Уже, как  мешающие, был откинуты ногами в стороны стулья и повален журнальный стол.

– Вы –  военный, господин, Дантес, как я догадываюсь по твёрдой манере фехтовать?

– Вы абсолютно правы, господи Пушкин. Я военный в прошлом, до учительства. Впрочем, я приехал в Россию, чтобы вспомнить военное ремесло, служа вашему государю.

– А я – поэт. Сочиняю стихи, поэмы, трагедии, повести и романы.

– И как, получается?

– говорят, что да. Я знаю толк в виршах, а вот вы, по-моему. Едва ли отличаете хорей от амфибрахия?

– Зато я знаю, как вывести батальон из-под огня, как окапываться, рассредоточиваться, брать высоты, сражаться в каре, строить брустверы и флеши.

– У каждого своё дело.

– Нужно ли оно? И моё и ваше. Мы не сеем и не жнём, не шьём одежд и не пускаем кораблей по морю.

– Мы не производим материального. Вы правы. Поэты здесь ещё менее нужны, чем военные. Но мы прекрасные цветки на унавоженной почве материальности.  Вы – военные,  воплощаете храбрость, мы – поэты, мечту.  Срежьте прекрасные цветки, останется один навоз. Украшать жизнь, сочинять стихи, петь песни, нестись галопом в ярких мундирах с аксельбантами через плечо на парадах, столкнуться насмерть в бою за два гектара бесплодных болот – тоже кому-то надо. Безумие разрушает скучную праведность жизни, давая ей горечь и соль.
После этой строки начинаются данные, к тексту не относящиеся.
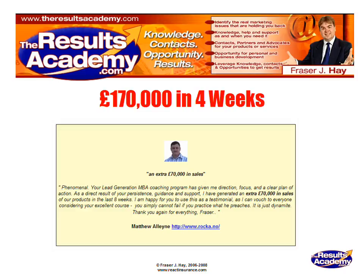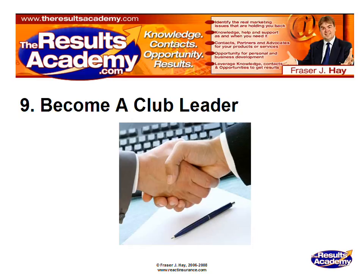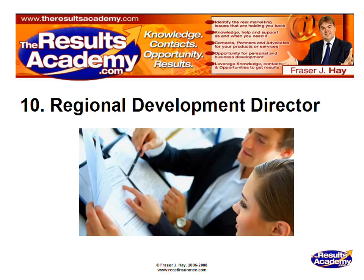You may then wish to become a club leader and help businesses in your area whilst helping your own, enabling you to add additional multiple revenue streams promoting our products and services to your local business community. With Step 10, you may choose to become a regional development director and manage several club leaders in a given geographical territory with even bigger and better revenue and marketing returns.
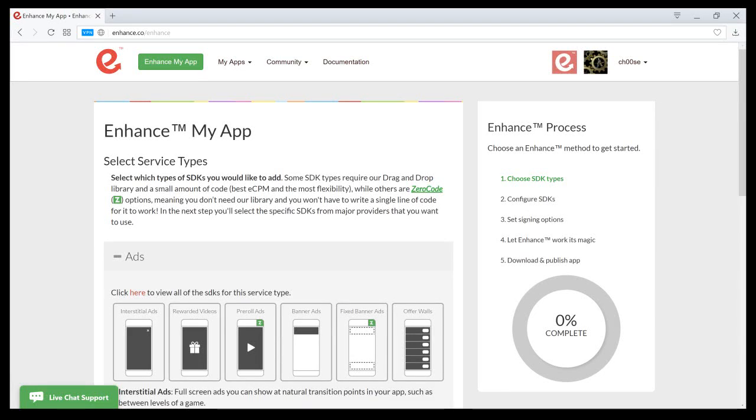Hi there, this is Chris Hughes, co-founder and CEO of Enhance. In this video, I'm going to walk through how to enhance your app to get services into it without writing a single line of code. You can do this by using our zero-code options.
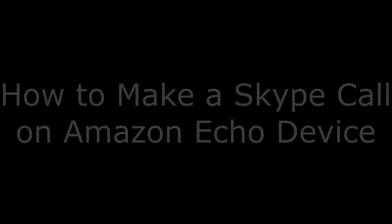Hey everyone. I'm Max Dalton, and in this video I'm going to show you how to link your Skype account to Amazon Alexa and make a Skype call on an Amazon Echo device.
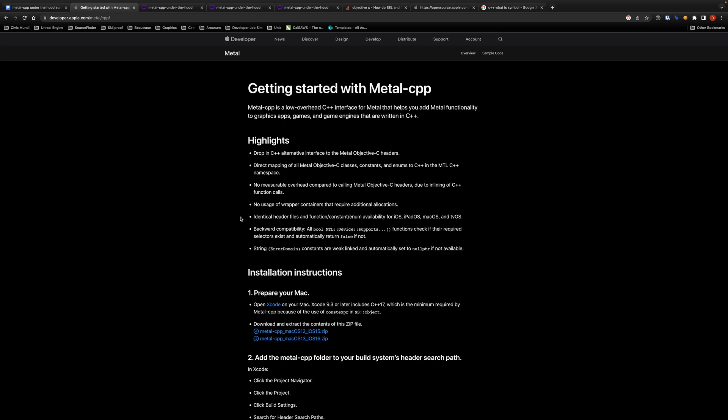In the highlight section of the getting started guide Apple shared some of the details on why using the library adds low peak forward pass overhead and I want to look at them more closely. First, no usage of wrapper containers that require additional allocations. To understand this point we need to have some background knowledge about Apple frameworks.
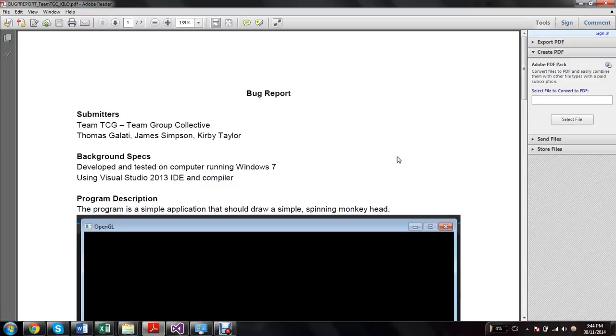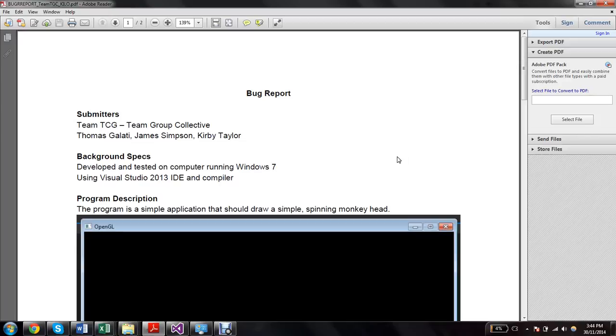Hi, this is Jordan Thompson, and I'll be presenting a bug today on behalf of Team MJS, which is Mike Garbaran, Jordan Thompson, and Sean Rana. This bug was given to us by Thomas Galati, James Simpson, and Kirby Taylor, or Team TCG.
          Трубецкой оценил умение Пушкина фехтовать.

– я вижу. Господин поэт. Что вы знакомы с боевыми стойками по Мороццо, когда впереди левая нога. А также стойкой по Вичисиани, когда впереди правая…

– И даже с пассами по Дидье, с блоком левой рукой.

          Неожиданно левым предплечьем отстранив шпагу соперника, Пушкин нанёс сильный укол Дантесу в плечо.

– О! вы ранили меня! – воскликнул Трубецкой. Оттолкнув эыес шпаги Пушкина, он повернулся так, что они оказались стоящими спинами «кор-а-кор». Оттолкнувшись спиной от спины соперника, Пушкин отпрыгнул в сторону, шпаги вновь скрестились.

– Я ранил вас, но убьёте меня вы, – сказал Пушкин.

– Вы так считаете?– не задумываясь, спросил Трубецкой.

–Об этом скоро будут знать во всех гимназиях. Дантес убил Пушкина.

          Трубецкой замер на ми, сдержав удар. Страшное видение, взявшись ниоткуда, вдруг возникло, развернулось и исчезло в никуда в его мозгу…

– Вы сказали?...

          Пушкин, сражаясь, очень внимательно смотрел Трубецкому в глаза. Так же, как чуть раньше, смотрела его женя, Натали.

– Но я… Сейчас?

– нет. Позже. На дуэли.

– Но я не хочу этого!

– И я не хочу. Всякий человек помимо воли привязан к жизни. Но такова судьба.

– Что за бред!

– у меня предсказание.

– Уличные астрологи лгут за гроши на хлеб.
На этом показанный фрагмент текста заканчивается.